McQueen's theory, as well as many others, try to determine whether a photon is a particle or a wave.  They fail to clarify what is meant by quanta of light however.

While I appreciate Mr. Andrew’s viewpoint that established science be given due respect. I cannot condone the fact that either he is  deliberately misinterpreting what I have gone to great pains to explain or he has just not bothered to read what I have written, but has merely skimmed through the post and made his comments on the assumption that what I was saying was wrong.

With regard to the above point, quanta means discreteness,  it means that every photon should have a discrete identity (energy) it is able to preserve. If Mr. Andrews, would care to look at the model of the photon that I have postulated he will soon come to see that this model does indeed satisfy the criteria of discreteness:



In fact the Gestalt model of the photon performs so well that it can account for how a photon is able to preserve its identity (energy) so well even after traveling for billions of light years. In case Mr. Andrew is not aware of it, a photon’s energy is calculated by the equation E = hc/l where E stands for energy and l for wavelength, it is this energy that is preserved during a photon’s journey. For instance green light has a frequency of about 580 x 10^^14 MHz and a wavelength of 5.1 nm, this gives it an energy of about 2.4 x10^^2  eV.

Think about this:  a photon of green light with a frequency of 580x10^^14 MHz is released by an electron revolving around an atom in a Galaxy 5 billion light years away. Five billion years later it is detected by a radio telescope on earth and it is still recognizably a green photon with an energy in the vicinity of 2.4 x 10^^2 eV although this  energy might be slightly reduced (red-shifted). The great thing is that even while it has preserved its energy it still a wave, how does a photon manage to do this? I have put forward a viable theory explaining how this is possible and Mr. Andrews does not even seem to have have had the time to read about it !!

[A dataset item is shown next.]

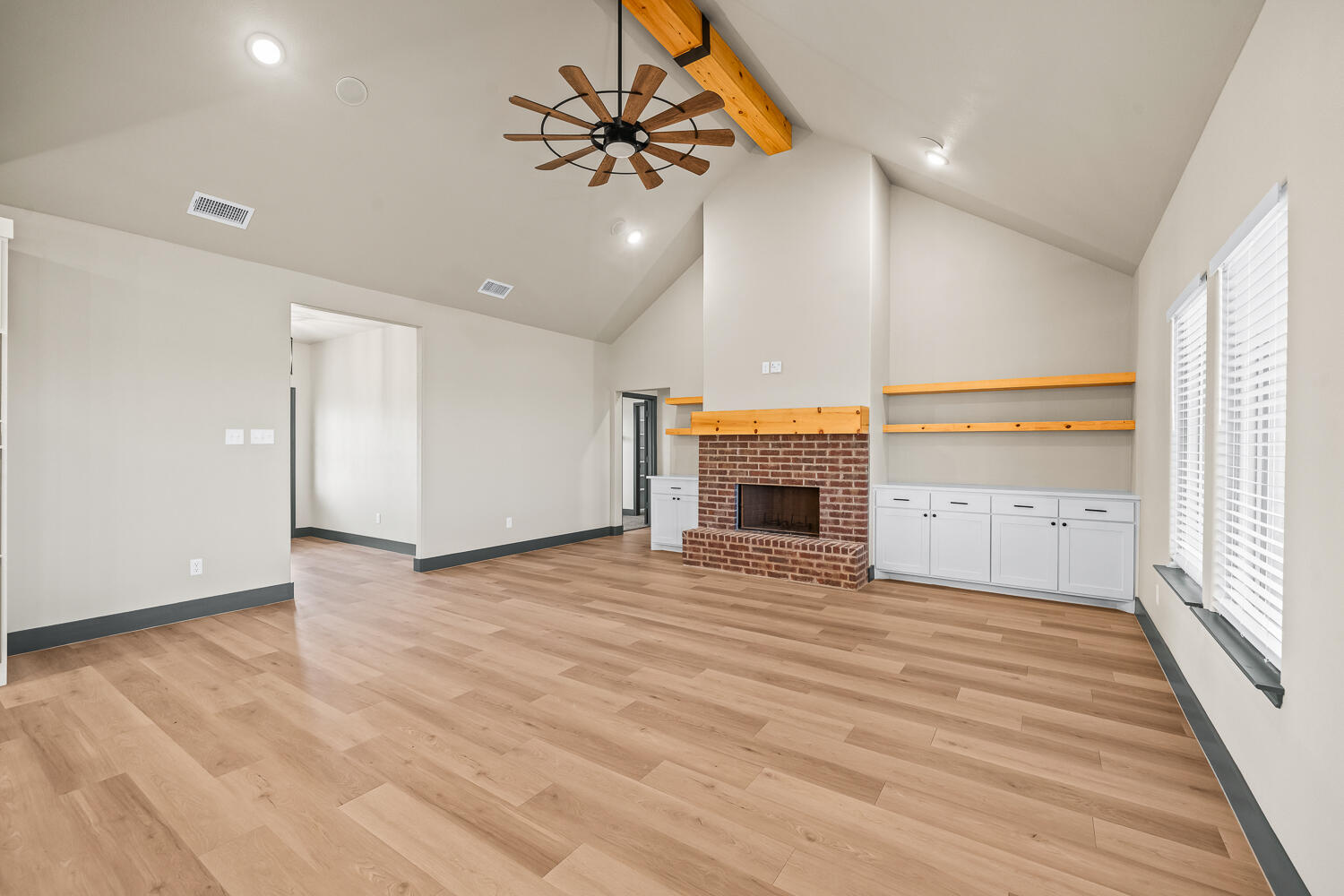 9405 County Rd 5330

Whatever else QM claims to be able to do it has not made such a model, it has merely postulated that a photon has an infinite life-time, it is either absorbed or continues to exist, which is not much good when trying to form a model or to envision a photon.

About Max Planck Mr. Andrew has this to say:

(Mr. Andrew on light quanta)….This was an assumption he made to make his theory work, thinking that it had only mathematical validity, not physical truth.

Not true it is possible to detect individual photons with the naked eye. Photons are not just something that Max Planck dreamed up. He was an extremely conventional physicist and agonized over his theory, before publishing it.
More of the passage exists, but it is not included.